|
Sign up to our Weekly Newsletter.
  
|
|
The Tablet Blog@Pontifex, Twitter is about dialogueStephen Bullivant, guest contributor 7 December 2012, 9:00
So, Pope Benedict XVI has joined Twitter: @Pontifex for those of you not already following. This isn't, of course, his first foray into the Twitterverse. He sent his first tweet last year, launching the @news_va_en service. But his appetite evidently whetted, on Monday he - or, at least, a Vatican staffer - launched a 'personal' account. While @Pontifex hasn't actually sent a tweet yet, and is following only seven other accounts (all other-language mirrors of his own), at the time of writing he has well over 500 000 followers.
A pope lining up alongside the likes of @SallyBercow and @iamwill will, naturally enough, be the occasion for much mirth and criticism. That is only to be expected. Levity is an integral part of much online interaction, and an 85-year-old scholar using Latin for his online handle is frankly inviting parody. Furthermore, his previous tweeting - though a masterful PR stunt for a drily informative news feed - was not wholly auspicious.
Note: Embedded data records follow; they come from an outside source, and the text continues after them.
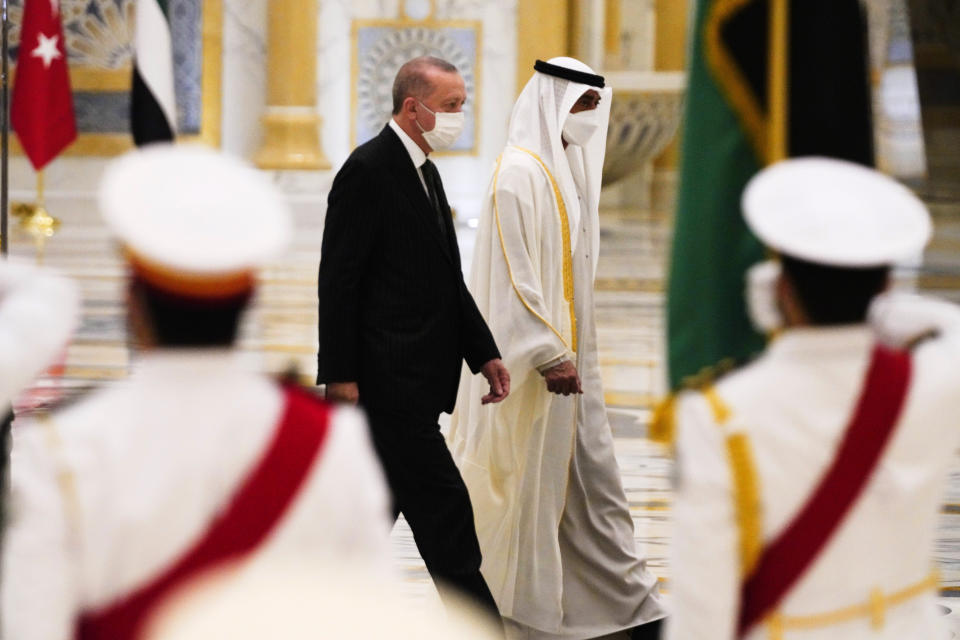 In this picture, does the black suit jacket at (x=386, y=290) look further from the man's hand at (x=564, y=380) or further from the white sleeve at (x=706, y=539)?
the white sleeve at (x=706, y=539)

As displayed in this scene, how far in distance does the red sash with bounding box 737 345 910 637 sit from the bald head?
7.77 ft

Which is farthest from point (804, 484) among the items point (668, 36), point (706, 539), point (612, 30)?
point (668, 36)

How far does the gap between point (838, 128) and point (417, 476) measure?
182 cm

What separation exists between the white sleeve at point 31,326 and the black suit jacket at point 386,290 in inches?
75.9

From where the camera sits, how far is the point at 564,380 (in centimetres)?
402

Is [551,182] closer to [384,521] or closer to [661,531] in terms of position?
[661,531]

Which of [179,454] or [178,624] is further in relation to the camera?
[179,454]

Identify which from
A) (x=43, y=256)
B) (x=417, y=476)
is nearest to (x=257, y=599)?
(x=417, y=476)

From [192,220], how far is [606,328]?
8.84 m

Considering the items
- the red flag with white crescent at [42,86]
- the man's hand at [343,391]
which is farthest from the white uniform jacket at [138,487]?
the red flag with white crescent at [42,86]

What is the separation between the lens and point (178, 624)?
805mm

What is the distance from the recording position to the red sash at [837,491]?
1796 mm

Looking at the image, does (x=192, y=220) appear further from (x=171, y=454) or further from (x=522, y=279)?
(x=522, y=279)

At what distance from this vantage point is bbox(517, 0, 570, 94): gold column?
15.8 m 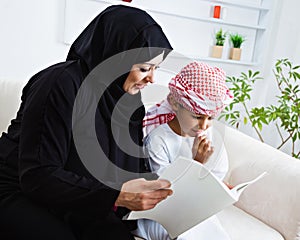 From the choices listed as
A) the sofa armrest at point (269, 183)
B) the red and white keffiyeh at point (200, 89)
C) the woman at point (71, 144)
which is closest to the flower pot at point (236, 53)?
the sofa armrest at point (269, 183)

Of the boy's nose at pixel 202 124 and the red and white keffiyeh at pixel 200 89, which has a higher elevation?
the red and white keffiyeh at pixel 200 89

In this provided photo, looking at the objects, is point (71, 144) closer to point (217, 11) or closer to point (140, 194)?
point (140, 194)

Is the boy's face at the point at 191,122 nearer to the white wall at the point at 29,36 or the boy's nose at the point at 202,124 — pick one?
the boy's nose at the point at 202,124

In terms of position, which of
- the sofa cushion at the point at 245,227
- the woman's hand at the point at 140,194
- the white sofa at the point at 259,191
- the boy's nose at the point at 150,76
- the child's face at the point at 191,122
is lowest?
the sofa cushion at the point at 245,227

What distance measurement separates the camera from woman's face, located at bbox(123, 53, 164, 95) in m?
1.08

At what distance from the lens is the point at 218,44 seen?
2.68 m

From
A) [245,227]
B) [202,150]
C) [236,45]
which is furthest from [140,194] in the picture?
[236,45]

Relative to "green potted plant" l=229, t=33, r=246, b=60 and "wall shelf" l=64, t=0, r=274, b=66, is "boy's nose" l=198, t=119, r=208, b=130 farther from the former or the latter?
"green potted plant" l=229, t=33, r=246, b=60

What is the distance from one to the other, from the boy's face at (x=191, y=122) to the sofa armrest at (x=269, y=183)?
7 cm

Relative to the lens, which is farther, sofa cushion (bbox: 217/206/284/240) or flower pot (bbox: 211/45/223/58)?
flower pot (bbox: 211/45/223/58)

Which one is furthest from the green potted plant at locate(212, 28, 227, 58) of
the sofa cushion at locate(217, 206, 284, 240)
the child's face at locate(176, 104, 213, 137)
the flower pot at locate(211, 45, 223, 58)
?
the child's face at locate(176, 104, 213, 137)

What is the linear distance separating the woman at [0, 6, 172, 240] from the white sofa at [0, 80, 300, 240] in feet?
0.78

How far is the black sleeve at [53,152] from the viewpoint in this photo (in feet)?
3.20

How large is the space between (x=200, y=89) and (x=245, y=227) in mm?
581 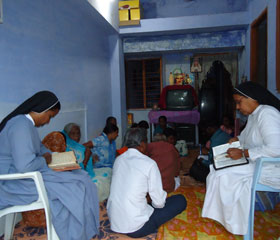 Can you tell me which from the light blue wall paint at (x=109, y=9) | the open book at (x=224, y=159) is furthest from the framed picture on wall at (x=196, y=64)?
the open book at (x=224, y=159)

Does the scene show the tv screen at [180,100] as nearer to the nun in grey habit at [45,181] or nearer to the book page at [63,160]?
the book page at [63,160]

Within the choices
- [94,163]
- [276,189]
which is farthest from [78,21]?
[276,189]

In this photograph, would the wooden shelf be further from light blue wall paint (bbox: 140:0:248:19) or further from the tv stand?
the tv stand

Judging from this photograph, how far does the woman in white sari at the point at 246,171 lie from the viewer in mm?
2090

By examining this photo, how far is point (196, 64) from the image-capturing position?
7.25 m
Pundits found in @news_va_en's monologic 'inviting followers, but following no one' approach, so alien to the web's current thinking, a metaphor for the Catholic Church itself. And as my brother remarked on Facebook after watching the official video of the Pope's maiden tweet: 'If it takes five aides to show you how to make one touch on an iPad and whilst doing so you look confused by the whole ordeal, you're still some way from joining the digital age, your Holiness.'
As it happens, the Catholic Church, and indeed @Pontifex himself, has rather better form in this area than one might expect. The Vatican itself has a long tradition of embracing cutting-edge new media. This proverbially out of touch institution put a pope (Leo XIII) on film in 1896, and launched an international radio station in 1931. By 1957, Pius XII - the first pope to speak on television - could write that 'We often use these wonderful modern means ... to move the hearts of men and exercise a saving influence on them.' More recently, as Heidi Campbell observes in her excellent Religion and the New Media, the Vatican was a notable 'early adopter' of the internet. Its website launched in 1996 - a year before the launch of BBC Online, and a good two years before The Guardian got in on the act.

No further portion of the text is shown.